Dopiero za miesiąc sąd we Wrocławiu zdecyduje o wysokości odszkodowania i renty dla Wiesławy Terki. Jej córka 8 lat temu po operacji usunięcia tarczycy zapadła w śpiączkę. Decyzja sądu miała zapaść dzisiaj, ale kobieta podwoiła żądania dotyczące kosztów opieki nad córką. Domaga się nie 8, ale 20 tysięcy złotych comiesięcznej renty. Wysokość głównego odszkodowania pozostaje bez zmian i wynosi 1,6 miliona złotych.

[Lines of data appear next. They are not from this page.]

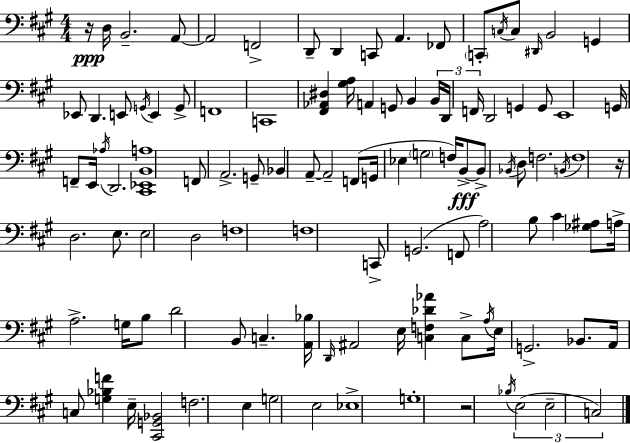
X:1
T:Untitled
M:4/4
L:1/4
K:A
z/4 D,/4 B,,2 A,,/2 A,,2 F,,2 D,,/2 D,, C,,/2 A,, _F,,/2 C,,/2 C,/4 C,/2 ^D,,/4 B,,2 G,, _E,,/2 D,, E,,/2 G,,/4 E,, G,,/2 F,,4 C,,4 [^F,,_A,,^D,] [^G,A,]/4 A,, G,,/2 B,, B,,/4 D,,/4 F,,/4 D,,2 G,, G,,/2 E,,4 G,,/4 F,,/2 E,,/4 _A,/4 D,,2 [^C,,_E,,B,,A,]4 F,,/2 A,,2 G,,/2 _B,, A,,/2 A,,2 F,,/2 G,,/4 _E, G,2 F,/4 B,,/2 B,,/2 _B,,/4 D,/2 F,2 B,,/4 F,4 z/4 D,2 E,/2 E,2 D,2 F,4 F,4 C,,/2 G,,2 F,,/2 A,2 B,/2 ^C [_G,^A,]/2 A,/4 A,2 G,/4 B,/2 D2 B,,/2 C, [A,,_B,]/4 D,,/4 ^A,,2 E,/4 [C,F,_D_A] C,/2 A,/4 E,/4 G,,2 _B,,/2 A,,/4 C,/2 [G,_B,F] E,/4 [^C,,G,,_B,,]2 F,2 E, G,2 E,2 _E,4 G,4 z2 _B,/4 E,2 E,2 C,2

Matka Edyty Terki, która od 8 lat opiekuje się córką, jest coraz słabsza. Lekarze stwierdzili u niej szereg chorób, w tym bardzo poważny uraz kręgosłupa. Kobieta ma coraz mniej sił, by samodzielnie opiekować się córką. Ja muszę wynająć kogoś do opieki na co najmniej 16 godzin, ale jeśli mój stan zdrowia się pogorszy, trzeba byłoby znaleźć opiekę na 24 godziny - mówi.

Profesjonalna opieka na osobą w śpiączce jest bardzo droga. Stąd wniosek o rentę w wysokości 20 tysięcy złotych miesięcznie.

Szpital, w którym operowana była młoda wrocławianka, już nie istnieje. Dlatego wypłacić odszkodowanie powinien urząd marszałkowski, który przejął wszelkie zobowiązania zlikwidowanej placówki.

Urzędnicy jeszcze przed dzisiejszym posiedzeniem sądu zapowiadali ostrą batalię o wysokość odszkodowania. Twierdzili, że żądania Wiesławy Terki - 1,6 miliona złotych i 8 tysięcy złotych comiesięcznej renty - są zbyt wygórowane.